• [HOW TO COMPLETE THIS TASK]: From the entries that follow, list every line in which the string "table" appears.

• [RECORDS FOR THE TASK]:
===============
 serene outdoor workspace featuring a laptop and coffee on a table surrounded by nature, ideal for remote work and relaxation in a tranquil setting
===============
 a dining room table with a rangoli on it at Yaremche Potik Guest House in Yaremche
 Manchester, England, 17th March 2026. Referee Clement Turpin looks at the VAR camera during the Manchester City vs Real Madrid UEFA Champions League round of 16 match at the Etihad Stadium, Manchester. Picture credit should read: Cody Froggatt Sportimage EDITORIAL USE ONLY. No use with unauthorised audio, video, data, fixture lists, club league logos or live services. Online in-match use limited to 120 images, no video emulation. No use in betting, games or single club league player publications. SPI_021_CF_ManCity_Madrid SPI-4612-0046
===============
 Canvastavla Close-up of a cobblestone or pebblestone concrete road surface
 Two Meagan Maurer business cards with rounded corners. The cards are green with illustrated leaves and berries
===============
• [SOLVED PROBLEM]:
 serene outdoor workspace featuring a laptop and coffee on a table surrounded by nature, ideal for remote work and relaxation in a tranquil setting
 a dining room table with a rangoli on it at Yaremche Potik Guest House in Yaremche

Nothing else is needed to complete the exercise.